Ectopic Pregnancy, Incomplete Abortion, and Failed Abortion

Early detection of ectopic pregnancy, incomplete abortion, or failed abortion is possible if the physician performing the
operation carefully examines the specimen immediately after the abortion. The patient may have an ectopic pregnancy
if no chorionic villi are found. To detect an incomplete abortion that might result in continued pregnancy, the actual
gestational sac must be identified. The history and physical examination should be reviewed. Determination of the b-hCG
level and frozen section of the aspirated tissue and vaginal probe ultrasonography may be useful. If the b-hCG
level is greater than 1,500-2,000 mIU, chorionic villi are not identified on frozen section, or retained tissue is identified
by ultrasonography, immediate laparoscopy should be considered. Other patients may be followed closely with serial
b-hCG assays until the problem is resolved. With later (>13 weeks) gestations, all of the fetal parts must be identified
by the surgeon to prevent incomplete abortion. It is not sufficient to send the tissue to the pathologist.
Heavy bleeding or fever after abortion suggests retained tissue. If the postabortal uterus is larger than 12-week size,
it is wise to perform preoperative ultrasonography to determine the amount of remaining tissue. When fever is present,
high-dose intravenous antibiotic therapy should be initiated, and curettage should be performed shortly thereafter.
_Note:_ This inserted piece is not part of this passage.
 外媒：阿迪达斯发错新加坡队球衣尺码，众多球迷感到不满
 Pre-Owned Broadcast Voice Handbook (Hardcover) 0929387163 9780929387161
Because of the need to cover a broad spectrum of possible pathogens, a combination of two or three agents is
suggested. If there is hemolysis or failure of the patient to improve within 12-24 hours after uterine evacuation,
hysterectomy may be indicated and can be lifesaving.
Cancer treatment
Complications and Fragmented Care

Patients who have recently had an abortion and are experiencing complications often seek care at a local hospital
emergency department. A physician managing such a patient should make every effort to communicate with the
abortion provider to learn the details of the procedure, any suspected complications, results of screening tests, results
of the fresh examination of the aborted tissue, and whether D immune globulin was given if the patient is D negative.